On Tuesday, 17 May 2016, we suffered a partial outage which resulted in some users not being able to access PPO or experiencing severely degraded response. The outage started at 12:04 PM (UTC+0) and was fully resolved at 12:18 PM (UTC+0). Below is a detailed explanation of the events surrounding the incident, our investigation into the root cause of the incident, as well as the actions planned for preventing a similar occurrence in future.
At 14:07 we were alerted by our monitoring system that one of our application servers was experiencing a high CPU condition. Other application servers were unaffected. Since we were unable to log into the server to troubleshoot, we initiated a restart of the server at 14:14. The application server restarted successfully and started serving requests normally at 14:18.
Subsequent investigation showed that the incident had been triggered by a routine automatic application pool recycle, which occurs every 29 hours. It appears that some sort of race condition had resulted in the normal process for overlapped recycling causing 100% CPU utilisation. Further research seems to indicate that this has been known to happen, but is extremely rare. This is confirmed by the fact that we have never experienced this, despite thousands of application pool recycles.

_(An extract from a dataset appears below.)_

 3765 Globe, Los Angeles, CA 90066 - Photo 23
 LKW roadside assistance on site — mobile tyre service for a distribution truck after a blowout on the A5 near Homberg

Based on our investigation it would appear that there is very little we could have done to prevent this from occurring and that it is unlikely to re-occur. We are however investigating options to automatically terminate an application pool that is consuming high CPU. It is however not clear whether this would have resolved the problem in this particular case. Longer term we are planning on making some architectural changes to allow us to dynamically move traffic from an unhealthy application server to a healthy server. We also identified room for improvement in our incident response and communication process and will be making improvements in this regard.
We would like to apologise for any inconvenience that resulted from this incident.